Posted: Jun 9, 2011 11:09 PM by Shawn Kline
Updated: Jun 10, 2011 2:20 PM
Another round of showers Thursday has some farmers jumping for joy and others even believing some old cajun folklore.
June 8th was officially St. Medard's day. Legend has it if it rains on the eighth of June, there will be a "wet harvest," but even with these brief showers, drought conditions continue for rice farmers.
Clarence Berken of Jeff Davis Parish hasn't seen a good rain in months.
"To have this happen, it's a downer," Berken said of the drought. "It's something that weighs on everybody, it weighs on the communities down here because this is our livelihood, this is what we do."
Farmers like Berken have been forced to use rising levels of salt water to keep his crops alive. With so much money already invested, it's a move he says he has to take.
"We're going ahead and taking a risk." He says, "trying to keep water on it."
The use of salt water is keeping some rice fields green for now but it can be damaging in the long term. LSU AgCenter agent Johnny Saichuk says it could even hamper yields for years to come.

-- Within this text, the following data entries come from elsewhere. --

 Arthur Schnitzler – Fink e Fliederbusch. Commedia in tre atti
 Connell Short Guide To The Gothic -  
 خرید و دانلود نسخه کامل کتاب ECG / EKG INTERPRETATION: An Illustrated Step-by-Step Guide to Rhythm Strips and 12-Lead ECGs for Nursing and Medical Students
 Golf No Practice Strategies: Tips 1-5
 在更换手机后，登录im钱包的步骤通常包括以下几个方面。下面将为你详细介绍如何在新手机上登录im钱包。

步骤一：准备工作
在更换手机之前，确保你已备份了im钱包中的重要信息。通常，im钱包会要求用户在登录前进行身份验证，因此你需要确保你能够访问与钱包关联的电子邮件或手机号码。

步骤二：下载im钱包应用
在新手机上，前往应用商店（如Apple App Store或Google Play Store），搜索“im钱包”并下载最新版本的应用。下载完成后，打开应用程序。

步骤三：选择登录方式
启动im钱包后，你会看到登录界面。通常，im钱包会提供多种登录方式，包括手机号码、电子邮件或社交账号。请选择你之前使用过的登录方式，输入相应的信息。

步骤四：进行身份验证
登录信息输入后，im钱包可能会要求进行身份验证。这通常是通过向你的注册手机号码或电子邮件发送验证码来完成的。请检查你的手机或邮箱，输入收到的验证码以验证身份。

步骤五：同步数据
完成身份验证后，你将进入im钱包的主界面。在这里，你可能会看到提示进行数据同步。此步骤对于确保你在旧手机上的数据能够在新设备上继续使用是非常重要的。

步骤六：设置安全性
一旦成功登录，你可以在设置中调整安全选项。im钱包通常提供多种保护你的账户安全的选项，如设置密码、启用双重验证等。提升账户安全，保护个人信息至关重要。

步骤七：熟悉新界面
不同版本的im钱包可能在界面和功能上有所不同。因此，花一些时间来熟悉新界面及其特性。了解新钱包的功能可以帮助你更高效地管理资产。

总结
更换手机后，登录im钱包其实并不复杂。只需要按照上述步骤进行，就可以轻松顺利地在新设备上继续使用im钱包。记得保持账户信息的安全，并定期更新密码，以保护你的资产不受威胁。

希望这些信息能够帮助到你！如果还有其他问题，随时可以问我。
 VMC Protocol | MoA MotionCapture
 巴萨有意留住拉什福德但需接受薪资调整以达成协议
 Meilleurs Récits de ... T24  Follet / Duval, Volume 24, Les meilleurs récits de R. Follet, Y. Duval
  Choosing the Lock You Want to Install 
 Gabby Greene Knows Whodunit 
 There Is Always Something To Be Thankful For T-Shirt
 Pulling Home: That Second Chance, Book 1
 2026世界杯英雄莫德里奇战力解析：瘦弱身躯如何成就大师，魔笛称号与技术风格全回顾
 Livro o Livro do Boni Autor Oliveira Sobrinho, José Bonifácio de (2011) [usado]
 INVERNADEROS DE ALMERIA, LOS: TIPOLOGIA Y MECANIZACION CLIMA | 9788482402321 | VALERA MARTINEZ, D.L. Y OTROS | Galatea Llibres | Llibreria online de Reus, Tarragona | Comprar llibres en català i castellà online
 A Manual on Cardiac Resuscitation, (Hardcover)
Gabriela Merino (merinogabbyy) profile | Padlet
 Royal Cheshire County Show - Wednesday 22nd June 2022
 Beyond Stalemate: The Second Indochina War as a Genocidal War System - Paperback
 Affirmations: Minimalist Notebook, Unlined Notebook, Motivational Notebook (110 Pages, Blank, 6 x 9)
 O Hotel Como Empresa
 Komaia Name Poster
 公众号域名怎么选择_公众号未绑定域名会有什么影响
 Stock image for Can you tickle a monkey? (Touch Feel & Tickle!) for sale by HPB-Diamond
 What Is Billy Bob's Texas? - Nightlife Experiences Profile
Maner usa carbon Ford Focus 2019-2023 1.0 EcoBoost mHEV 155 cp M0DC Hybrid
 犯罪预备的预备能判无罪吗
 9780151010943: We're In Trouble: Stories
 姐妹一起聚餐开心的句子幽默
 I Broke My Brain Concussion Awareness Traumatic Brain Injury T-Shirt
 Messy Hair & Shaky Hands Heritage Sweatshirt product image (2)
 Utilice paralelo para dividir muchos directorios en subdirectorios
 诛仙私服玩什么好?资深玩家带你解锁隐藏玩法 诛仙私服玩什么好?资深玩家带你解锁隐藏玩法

Berken decided not to water his younger rice fields for that same reason.
"If this (drought) happens, there will be a bunch of farmers that won't be here next year." Saichuk says, "they won't have a choice whether they want to or not."
Saichuk says even with constant downpours, it could take days or even weeks to undo the damage.
"It's going to take 10-inches of rain over the next ten days to really give us some more fresh water supply," Saichuk said.
Keeping just a few inches of water in the rice field is costing some farmers thousands of dollars a day. At that rate, Berken says he'll believe anything- even cajun folklore if it provides any amount of rain.